# Sneek Peak



## Mister12tooth (Jul 18, 2006)

New TKO.

Jeff


----------



## sidejobjon (Jun 3, 2010)

Jeff,
Looks great, Live close? LOL
SJJ


----------



## tomyafx1 (Jan 23, 2003)

Looks great Jeff another great job done by Todd at T K O!:dude:


----------



## bobhch (Apr 22, 2007)

This looks like a lot of fun here...Yeah!! 

Bob...I may not be a smart man but, I know what slot cars is...zilla


----------



## brownie374 (Nov 21, 2007)

I remember that day!What state are you in?


----------



## Mister12tooth (Jul 18, 2006)

*Been meaning to fix that*

It should say Pittsburgh PA now.

Jeff


----------



## tomyafx1 (Jan 23, 2003)

any updates


----------



## Mister12tooth (Jul 18, 2006)

*Finally*

Almost done. Ran some laps with the kids. Could be the last TKO built?


----------



## alpink (Aug 22, 2010)

tooth, THAT is huge.
nice layout


----------



## Mister12tooth (Jul 18, 2006)

*More Pics*

Figured we needed some good stuff to talk about.


----------



## alpink (Aug 22, 2010)

amen !


----------



## Super Coupe (Feb 16, 2010)

Great looking track layout. Nice fast straights and some tight little turns. Looks fun. :thumbsup:
>Tom<


----------



## slotcarman12078 (Oct 3, 2008)

Awesome doesn't even come close!! That's gorgeous!! :thumbsup::thumbsup:


----------



## Joe65SkylarkGS (Feb 15, 2010)

Wow. If that is the Last TKO, its a freaking work of art!!!

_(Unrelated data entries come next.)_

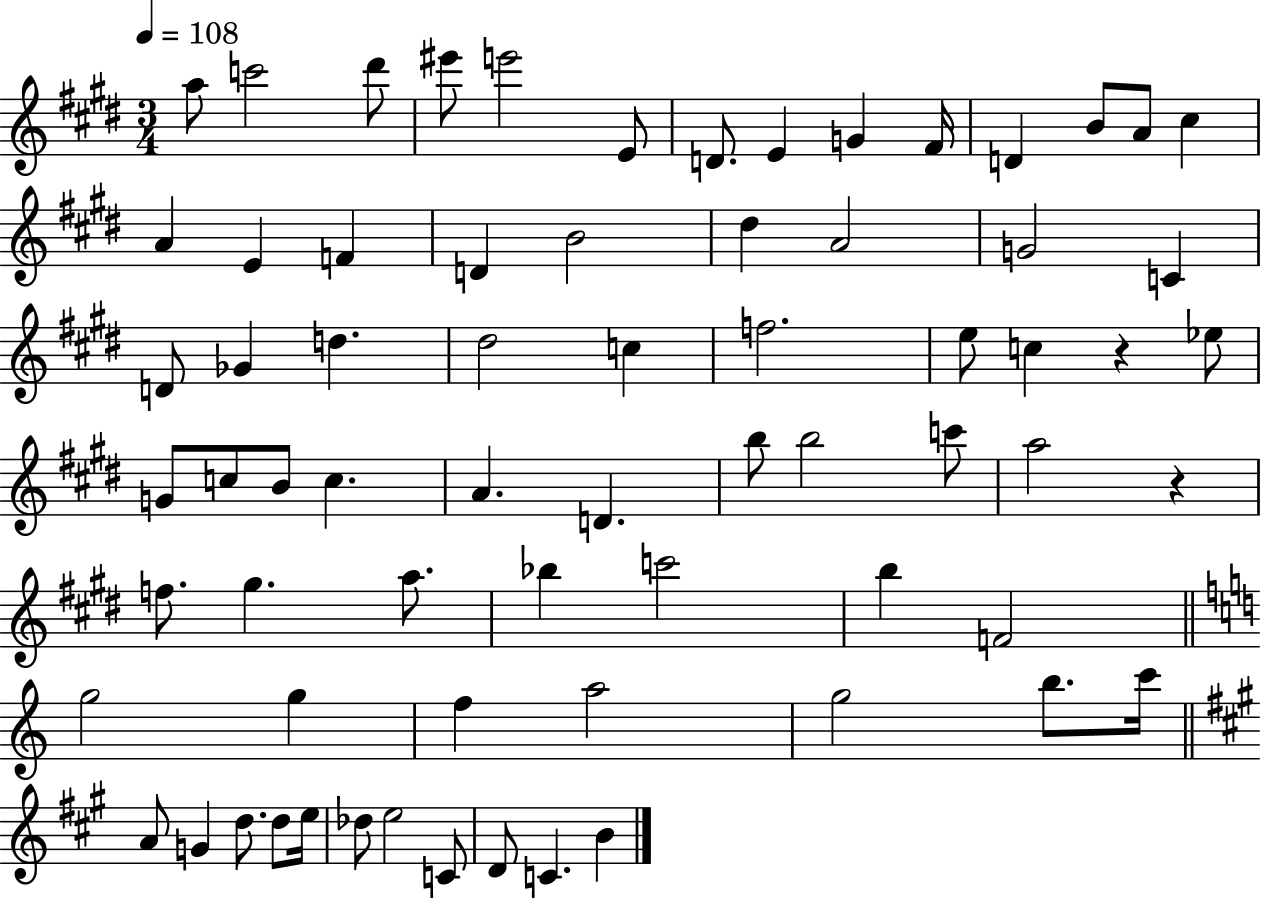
{
  \clef treble
  \numericTimeSignature
  \time 3/4
  \key e \major
  \tempo 4 = 108
  a''8 c'''2 dis'''8 | eis'''8 e'''2 e'8 | d'8. e'4 g'4 fis'16 | d'4 b'8 a'8 cis''4 | \break a'4 e'4 f'4 | d'4 b'2 | dis''4 a'2 | g'2 c'4 | \break d'8 ges'4 d''4. | dis''2 c''4 | f''2. | e''8 c''4 r4 ees''8 | \break g'8 c''8 b'8 c''4. | a'4. d'4. | b''8 b''2 c'''8 | a''2 r4 | \break f''8. gis''4. a''8. | bes''4 c'''2 | b''4 f'2 | \bar "||" \break \key c \major g''2 g''4 | f''4 a''2 | g''2 b''8. c'''16 | \bar "||" \break \key a \major a'8 g'4 d''8. d''8 e''16 | des''8 e''2 c'8 | d'8 c'4. b'4 | \bar "|."
}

And can I ask, if that banked turn is only 10 degrees??? Which is what he told me was the most he can do. I was inquiring on a Doval a few years ago in which I never heard back from him on. 

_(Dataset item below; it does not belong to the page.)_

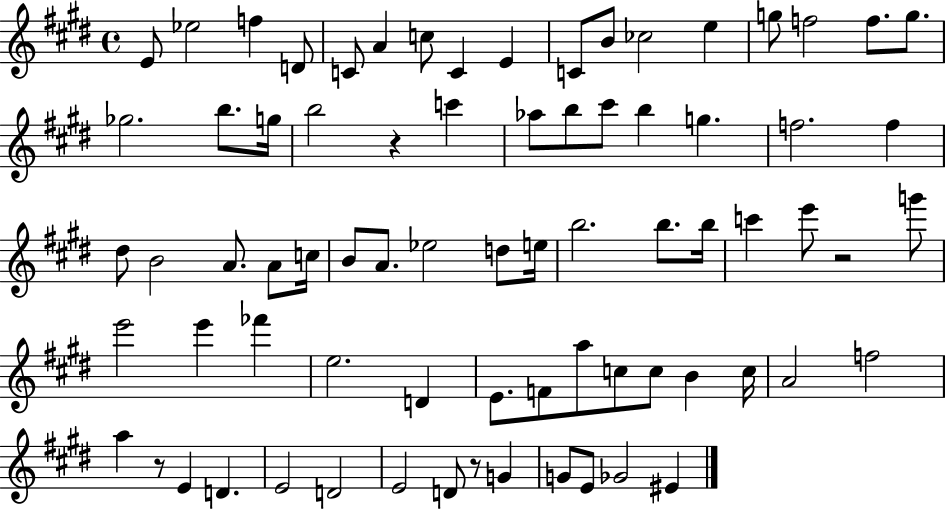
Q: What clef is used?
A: treble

What is the dimensions and how many runnjng feet is it???

It's way cool technically. Looks like a ton of fun. 

Great room too. That's alot of acrylic cases bud!!!


----------



## 9finger hobbies (Mar 11, 2008)

Great looking track !! I'm a big fan of straights. The turns is what always tripps me up. How big is your layout ? It looks huge in your pics.


----------



## 9finger hobbies (Mar 11, 2008)

Looks like a T-jet vending machine at the end of your track in picture #3 !! LOL !


----------



## swamibob (Jan 20, 2009)

WOW!!! That's really cool. More pictures please.

Tom


----------



## Mister12tooth (Jul 18, 2006)

Thanks for all the compliments. The green still needs touched up, and track call buttons, switch installed. It is 4 x 16, 63.3 feet each lane equal. I had to beg him to do the bank. I now know why he was resistant, it was a pain to keep from cupping. I have not done the geometry yet , but I believe around 40 degrees. 

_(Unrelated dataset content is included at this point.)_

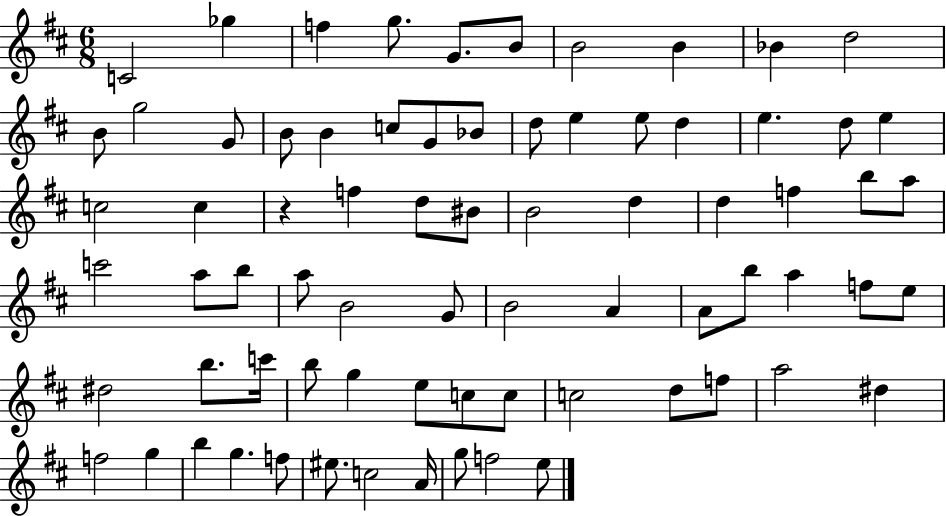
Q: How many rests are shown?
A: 1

The no corners thing came about because I have a 6 and 7 year old. On all my old tracks the corners were right at head level. The main straight is bent so you do not have to keep asking the guy next to you to please step back.

I will post some more pics when I figure out how to. Do I have to erase my old ones?


I want to call it the Badlands. Because one mistake and you are on the floor. Anyone know of another track called the Badlands?
Jeff


----------



## wheelszk (Jul 8, 2006)

I have seen pics of another track called Badlands. I think it was mid west or west coast. Why is this the last TKO track?


----------



## slotcarman12078 (Oct 3, 2008)

Easiest way to post pix is through a Photobucket account (It's free) and load your pix there. Then you can copy the IMG codes and paste them right into your text on a post. It's only hard the first time!


----------



## Joe65SkylarkGS (Feb 15, 2010)

wheelszk said:


> I have seen pics of another track called Badlands. I think it was mid west or west coast. Why is this the last TKO track?



He's MIA Bill.

You know where be is?


----------



## brownie374 (Nov 21, 2007)

He does 10 and 15 Deg banks I have 10 deg on mine,tjet friendly.Look up Medora avenue on you tube


----------



## 9finger hobbies (Mar 11, 2008)

Great idea curving the front straight. I'll keep that in mind when the money fairy comes and I can get a nice track. Are you going to put a wall around the outside of the table ? Looks like there are a few spots where a car could possibly come off and hit the floor.... Unless you guys are Really Good.


----------



## wheelszk (Jul 8, 2006)

Joe65SkylarkGS said:


> He's MIA Bill.
> 
> You know where be is?




Again and nope.


----------



## sssscamaro (Nov 6, 2007)

*Tko*

That's funny I was going to ask the same thing on the bank. He refused to do Bank for me and yes the cupping can be n issue. 
Like your recessed driver station shelf. Working on something long that idea myself. Nice layout enjoy?
Dozens of phone calls. Dozens of emails re my lock wire issue no reply. Ll I what is the brnd nd or prt number of the blue lock wire he used.
Heard he my of sold? 
Ryan


----------



## tomyafx1 (Jan 23, 2003)

Jeff,
Great job...... LOOKS LIKE YOU NOw HAVE THE LAST TKO TRACK EVER MADE!!!


----------



## leonus (Dec 17, 2013)

alpink said:


> amen !


I second that...

And WOWSERS


----------



## gary0239 (Oct 21, 2013)

*some pics of my tko , called the engle-king*

pics of my creation, a cross breed of two famous tracks, the engleman, and the king slot cars tracks, put together to become 1 large track, with banking, track sits on a table 17 x 11, i had issues with the banking when, it pinch the slots tight, restricting the cars to go thru, but a quick fix was to put flat wood strips from top of bank to inside around banks, this took the cup out, and open slots bank up and really stiff up the bank. track needs tweaking still, some wring, but great flow


----------



## gary0239 (Oct 21, 2013)

*more pics of the tko engle-king*

more pics of my tko engle-king


----------



## slotcarman12078 (Oct 3, 2008)

Nice layout!!! Looks fast, and tricky all in one huge package! :thumbsup::thumbsup:


----------



## Joe65SkylarkGS (Feb 15, 2010)

Huge Layout!!!!!!


----------



## DaleFan (Aug 2, 2003)

Go BIG or don't go  Nice designs


----------



## TEAM D.V.S. (Nov 11, 2007)

Super jealous !


----------



## Roddgerr (Feb 8, 2006)

Jeff,
Fantastic looking track. Looks like a blast to run on.


----------



## gonegonzo (Jan 18, 2006)

Jeff ,

Nice job . I can't wait to race on it .

Gonzo


----------